The only scenario where icon fonts still make sense: you’re maintaining a legacy codebase that already uses them and the migration effort isn’t worth it. For anything new, go SVG.

Licensing Cheat Sheet

This trips people up, so here’s the plain version:

License Commercial Use Attribution Modify Redistribute
MIT Yes Include license file Yes Yes
Apache 2.0 Yes Include license + notice Yes Yes
CC BY 4.0 Yes Credit the creator Yes Yes
Flaticon Free Yes Link to Flaticon Limited No
ISC Yes Include license Yes Yes

“Include license file” is different from “credit the creator.” MIT and Apache just need the LICENSE file somewhere in your project (your node_modules already have it if you installed via npm). CC BY 4.0 means visible attribution – a note in your footer or credits page.

Performance Tips for Using Icons

A few things I’ve learned the hard way:

Don’t load 2,000 icons when you use 40. This sounds obvious but it happens constantly. Icon fonts load everything. SVG sprites can be subset. Individual SVG imports are the most efficient. On one project, switching from Font Awesome’s full font to individually imported Lucide SVGs cut icon-related bundle size from 380KB to 12KB.

Inline SVGs for above-the-fold icons. If an icon is in your header or hero section, inline the SVG markup directly in the HTML. Eliminates the network request. For icons below the fold, external SVG references or lazy-loaded components are fine.

Use CSS for color changes, not separate SVG files. I’ve seen designers export the same icon in 5 colors as 5 different files. Just use one SVG and change the color with fill or stroke in CSS. Also works with CSS currentColor to inherit from the parent element’s text color.

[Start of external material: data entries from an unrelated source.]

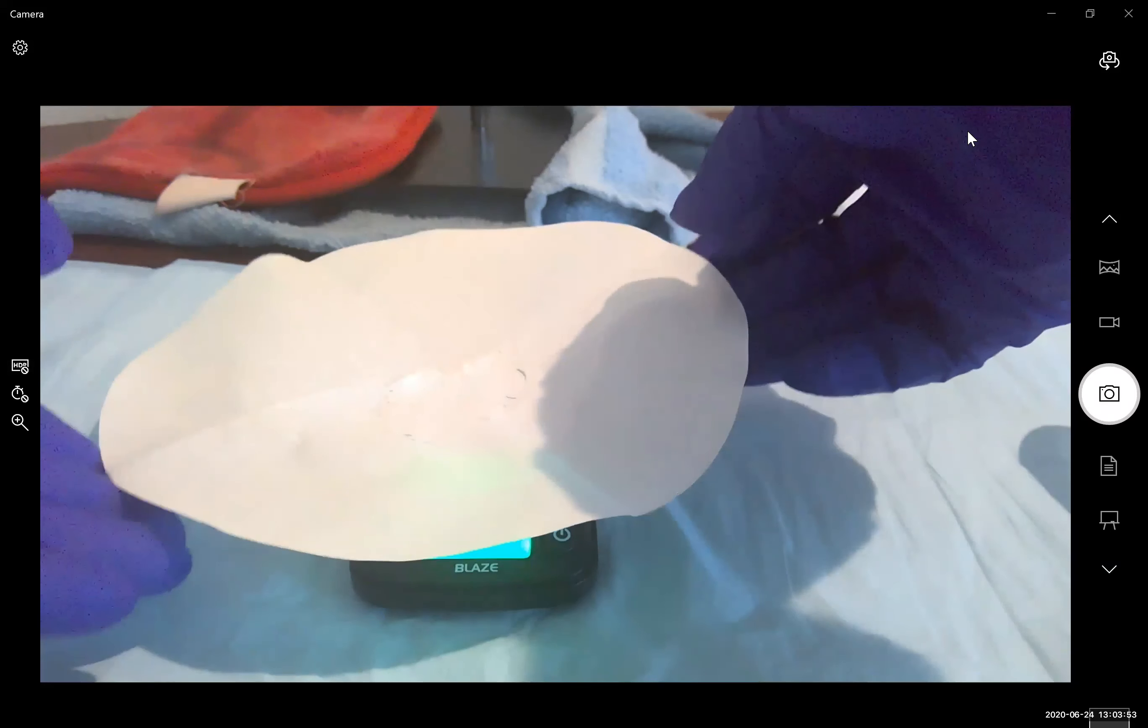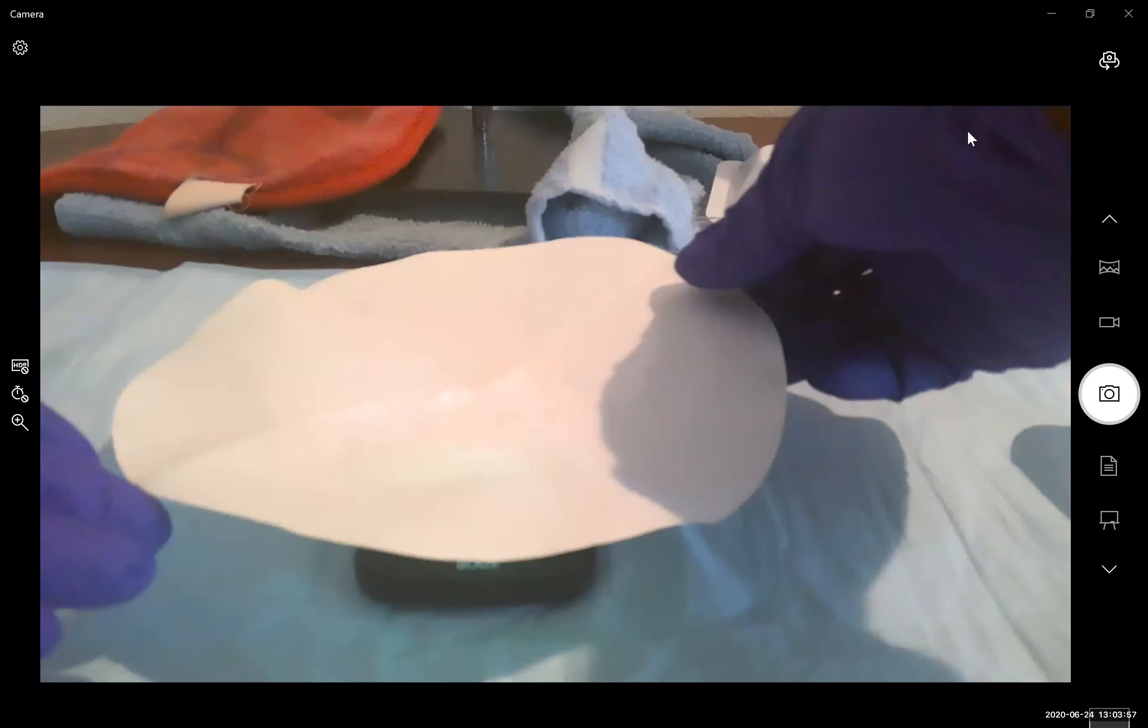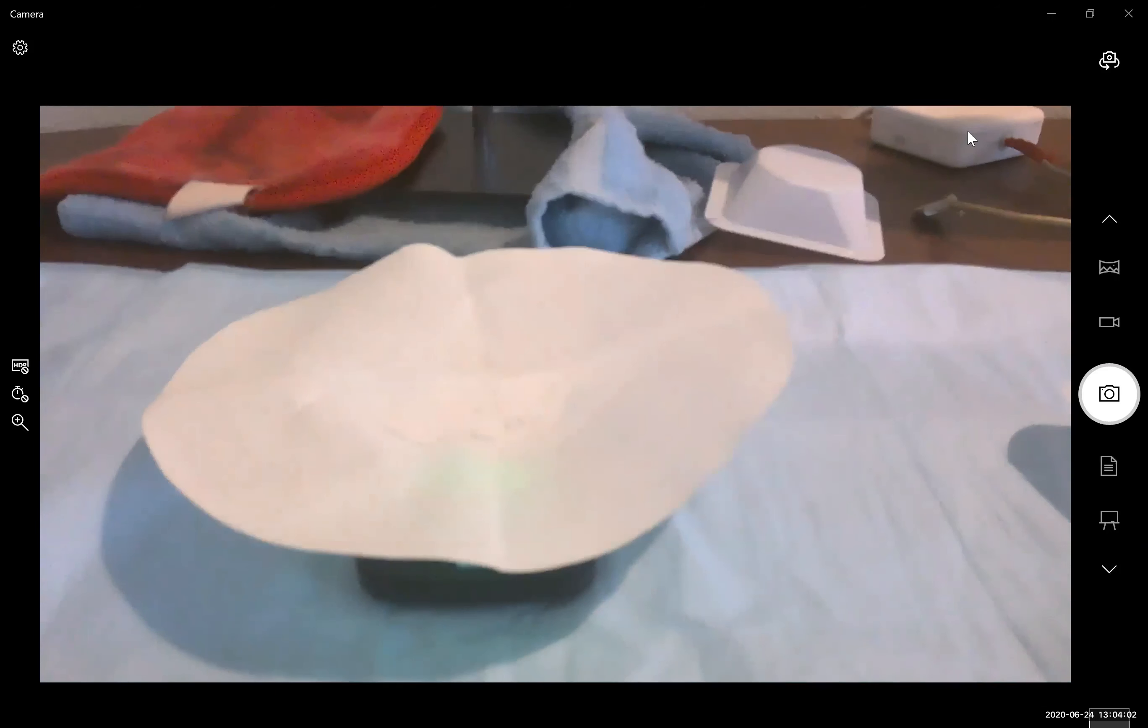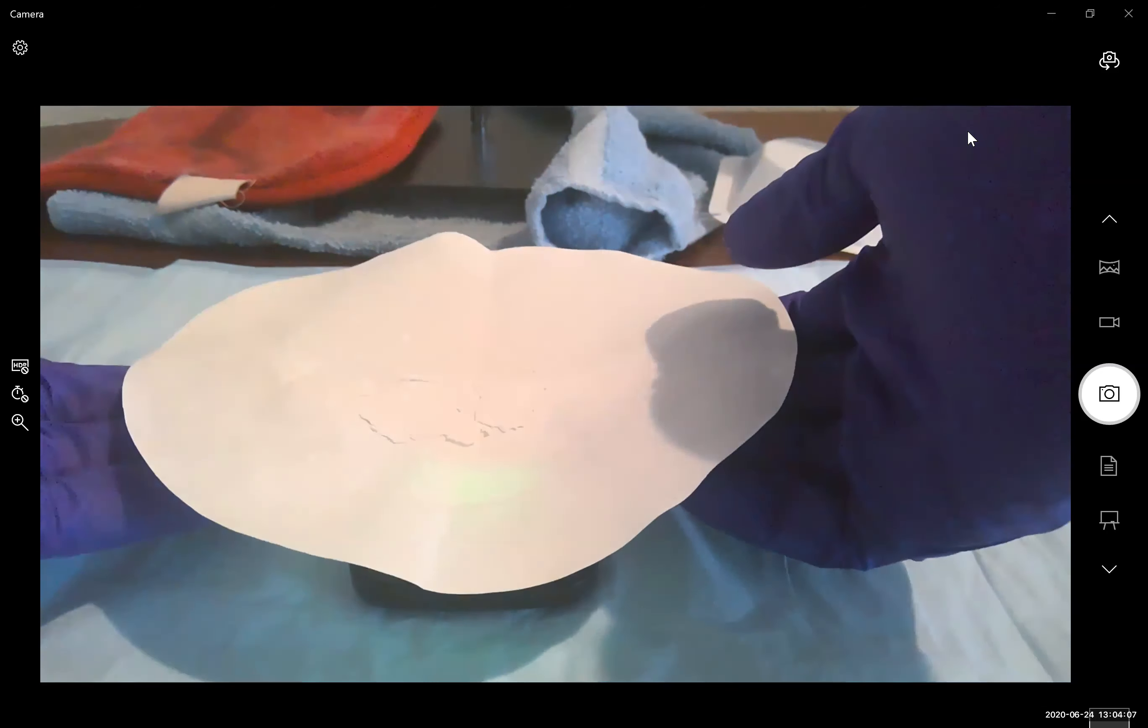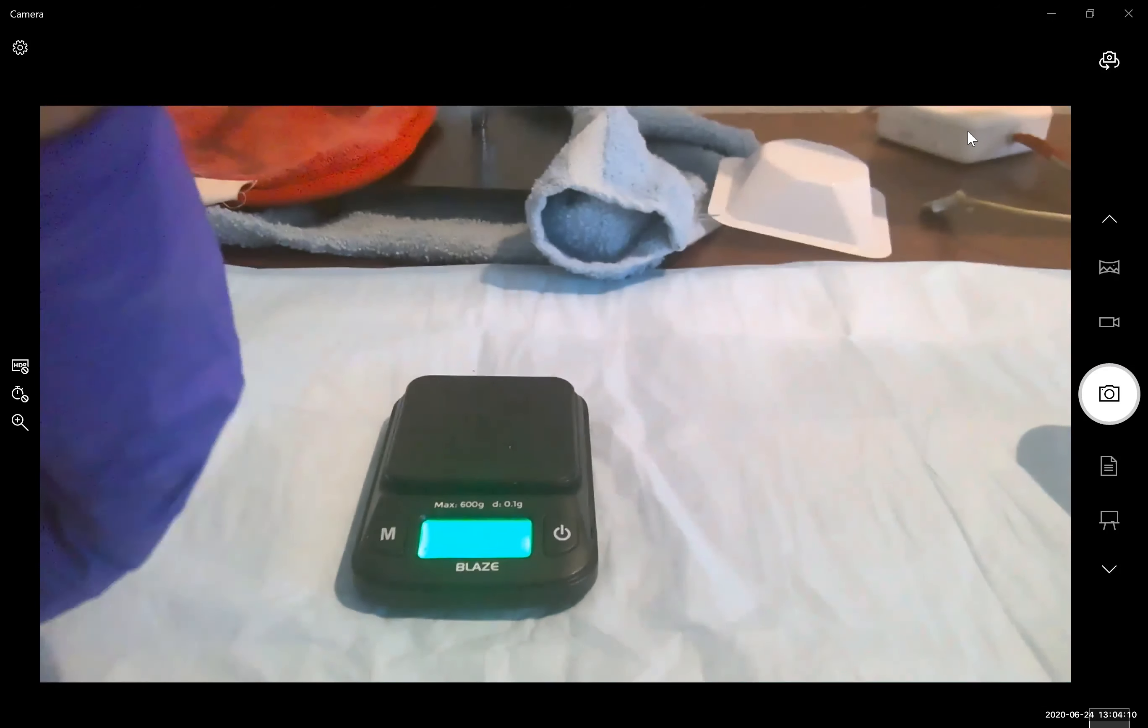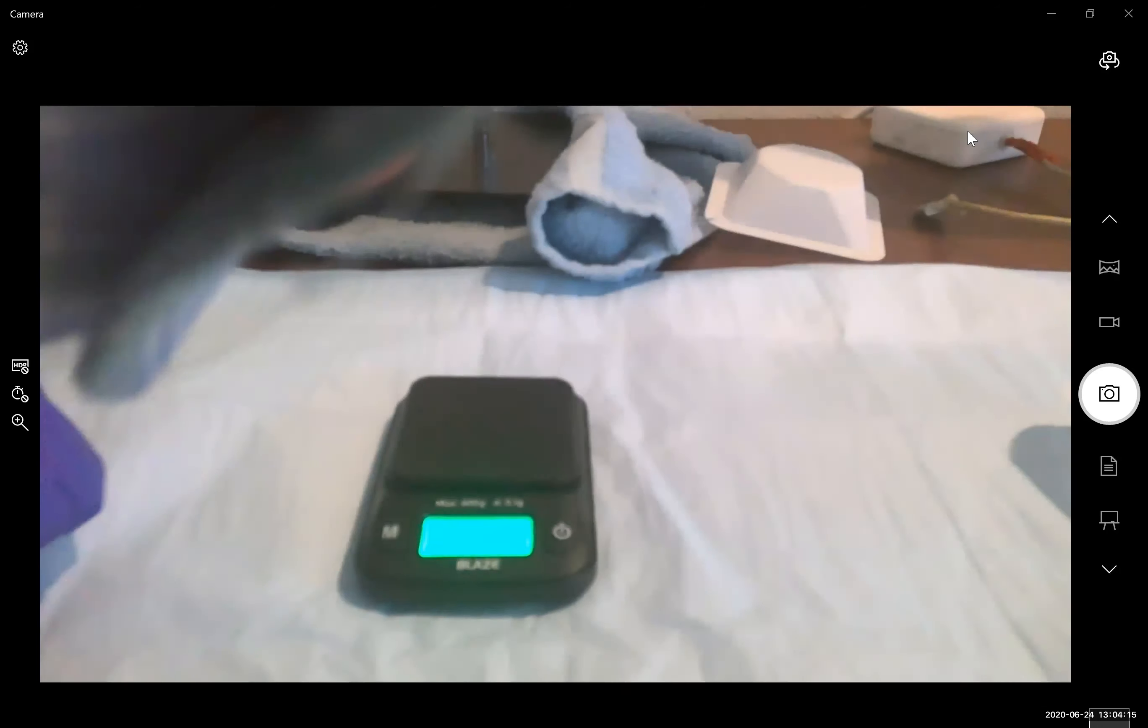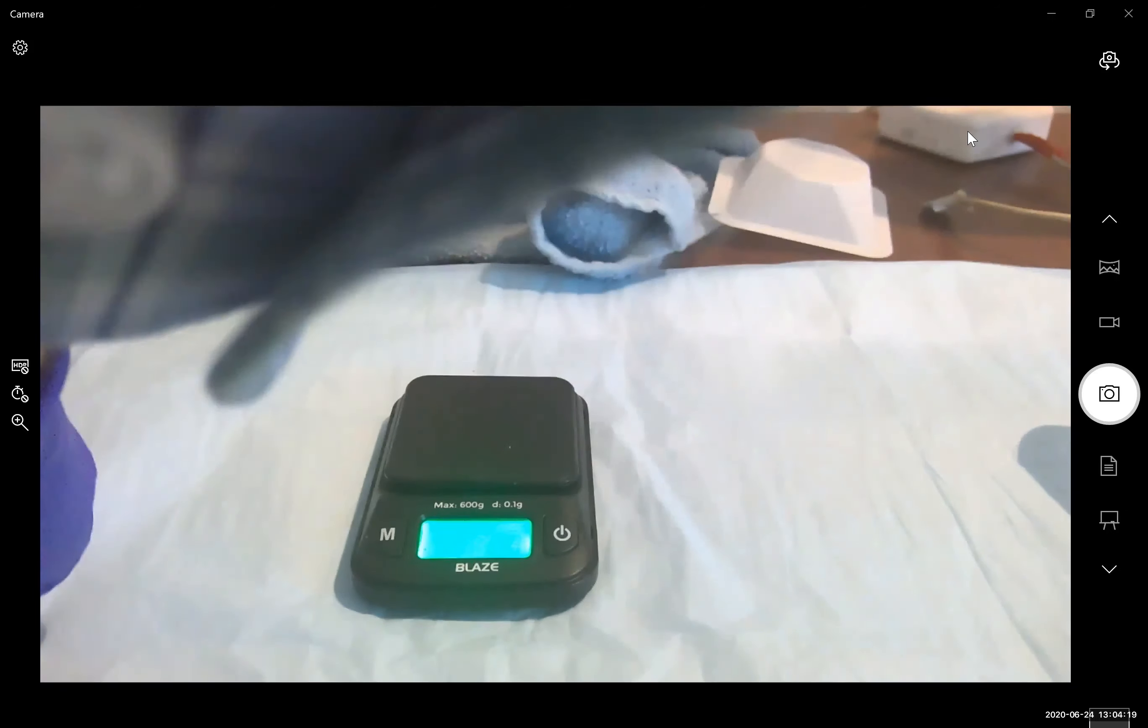I'm going to fold the weigh paper. Okay, let me fold the weigh paper up just to make it a little bit easier so that way we can see the balance a little more clearly.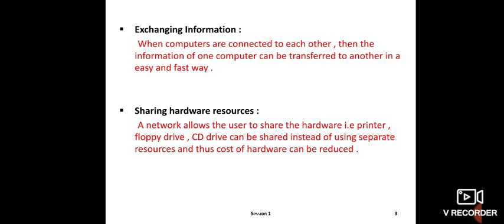For example, in a lab, suppose there are systems in a LAN. PC number 2 is the main PC. All other PCs are connected to it. The printer is connected to this main server. The work that is done gets stored on PC number 6, which is the server. This is an example of sharing hardware resources.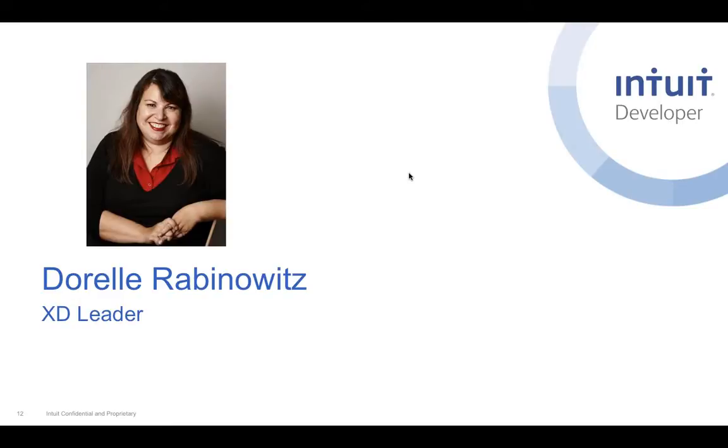Hi, everyone. Thanks for joining us today. I'm the design strategist for the Harmony Design System, and I help teams across Intuit's small business group design for the QBO ecosystem.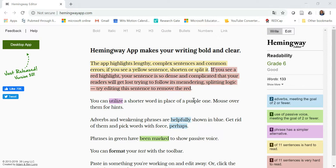This video will show you how to improve the readability of your writing using HemingwayApp.com. We know there are some controversies around the use of the Flesch Reading Ease and the Flesch-Kincaid grade level measurements of readability, but there are some simple things that we can do to improve the readability of our writing. Let's give it a go.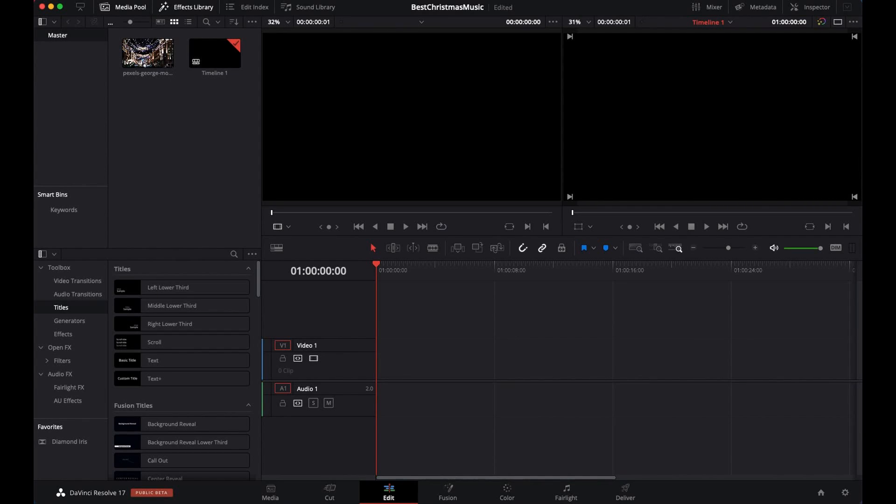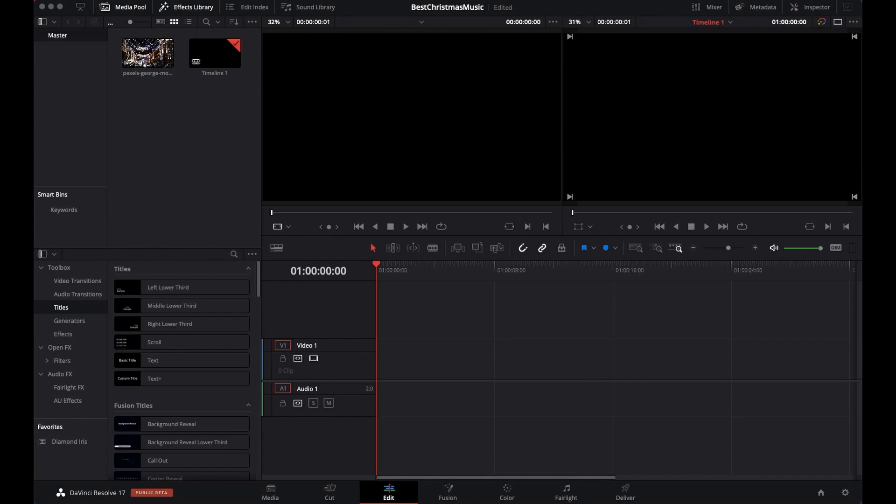Hello and welcome to another tutorial video. Today I'm going to show you how to separate video and audio in DaVinci Resolve 17. I just downloaded a video file from pixels.com - you can always get royalty-free video files from Pixels.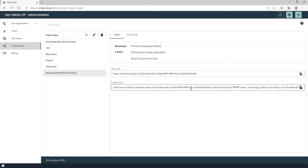Now I'm going to copy the code to the clipboard so I can use this to paste into my website later.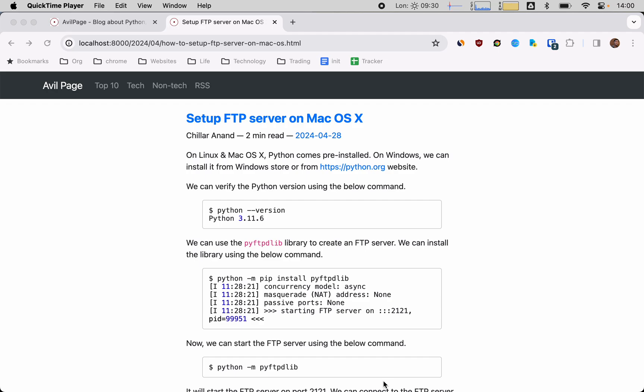Setting up an FTP server on macOS is quite simple. We will be using pyftpdlib, which is a Python package to set it up.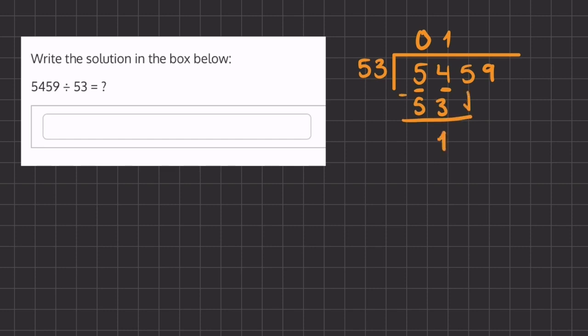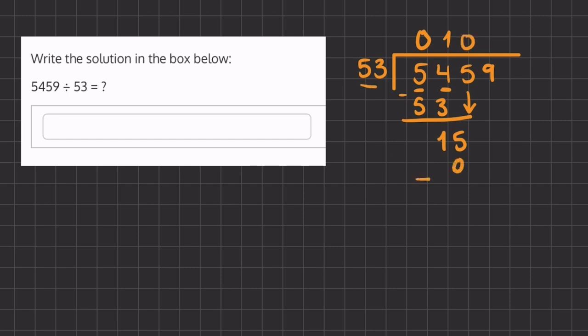And now we're going to carry down this 5, and we'll ask ourselves how many times does 53 go into 15? And that is 0 times. And now we will have a remainder of 15.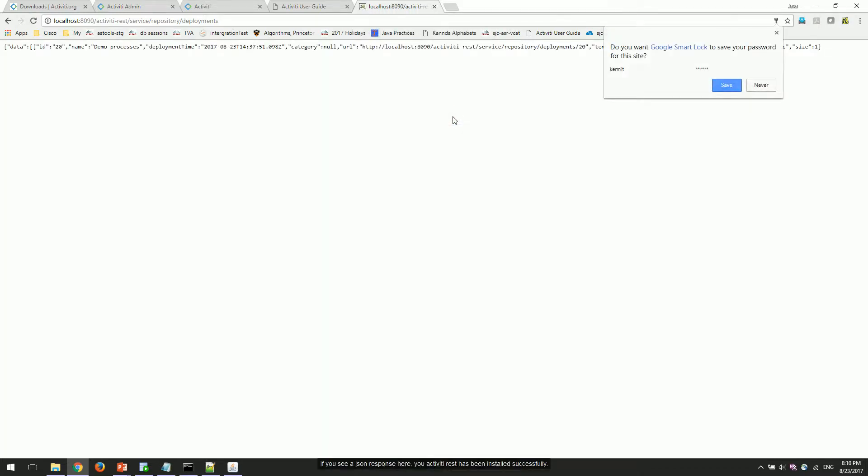If you see a JSON response here, your Activiti rest has been installed successfully. With this, we have completed the installation of Activiti version 6 in Oracle database.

If you’re working with images alongside icons, check out the best free image compressors to keep your page weight down.

FAQ

What are the best free icon download sites in 2026?

Flaticon has the largest library at 16M+ icons. For open-source developer-focused sets, Phosphor Icons (9,000+ in 6 weights), Google Material Symbols (3,200+ with variable font), and Heroicons (300+ handcrafted for Tailwind) are the strongest options. All are free for commercial use.

Can I use free icons for commercial projects?

Yes, with caveats. Phosphor, Heroicons, Iconoir, Lucide, and Bootstrap Icons use MIT or similar licenses – commercial use allowed, no visible attribution needed. Flaticon’s free tier requires attribution links. Always check the specific license before shipping.

What icon format should I use for web projects?

SVG. It scales without quality loss, can be styled with CSS, tree-shakes to only include icons you use, and has better accessibility than icon fonts. PNG only makes sense for email clients or systems that don’t support SVG.

Is Flaticon really free?

The free tier gives access to millions of icons with a 10-download daily limit and mandatory attribution. Premium ($9.99/month) removes attribution, raises limits to 100/day, and unlocks premium collections. For occasional use, the free tier works. For regular work, you’ll likely want Premium.

What is the difference between icon fonts and SVG icons?

Icon fonts load every icon as a single font file – simple setup but wasteful if you only use a few. SVG icons can be loaded individually, styled per-icon (colors, animations, hover states), and have better accessibility. SVG is the standard for new projects in 2026. Icon fonts are fine for legacy codebases where migration isn’t practical.